Field-Herping in Reservation Territory at Pakuri, Northern Amazonia


Family travel in Guyana
The winding road into the Lokono-Arawak Reservation has dried out slightly after last night’s torrential rains. Pools of shallow running water course alongside the shallow embankments, churning the sand into a soft greyish loam. Shloop, shloop, the muck suctions around the soles of our waders. The three of us – my husband Gustavo, 17-year old son Nicolas and I – are ‘field herping’ with our indigenous guides, on a quest for reptiles, amphibians, and invertebrates, here in northern Guyana, on the outskirts of the Amazon River Basin.

Just up ahead, past a towering breadfruit palm, our Amerindian guide, ‘Ducky’ Simon, scrambles up a mound of soil, silt, and clumps of weeds.
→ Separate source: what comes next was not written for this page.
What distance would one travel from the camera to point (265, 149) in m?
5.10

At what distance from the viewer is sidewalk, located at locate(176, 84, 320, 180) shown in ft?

Open savanna pans out in front of us. Dakama trees—used for BBQ coals—and monkey cutlass saplings dot the landscape, alternating between ground-level vegetation and sporadic patches of tall green grass. Interspersed with brown stalks the color of hay, the verdure grows haphazardly. Occasionally, a purple blossom, tousled by a whisper of wind, dances across the savanna plains.

“Frequently, the sun hides her face behind billowing wisps of nebula, only to materialize again without warning. She smiles so brightly I’m convinced her grin will burn through my broad-brimmed hat like a laser.”
We trek for an hour or so, one moment in blistering heat, the next under cover of clouds. Frequently, the sun hides her face behind billowing wisps of nebula, only to materialize again without warning. She smiles so brightly I’m convinced her grin will burn through my broad-brimmed hat like a laser. Tecumseh, our host’s son, dodges under a cashew tree. “Let’s take a break.” So, six of us huddle in the shade of the lofty evergreen; leathery leaves and clusters of pink flowers gather round the strange kidney-shaped drupes.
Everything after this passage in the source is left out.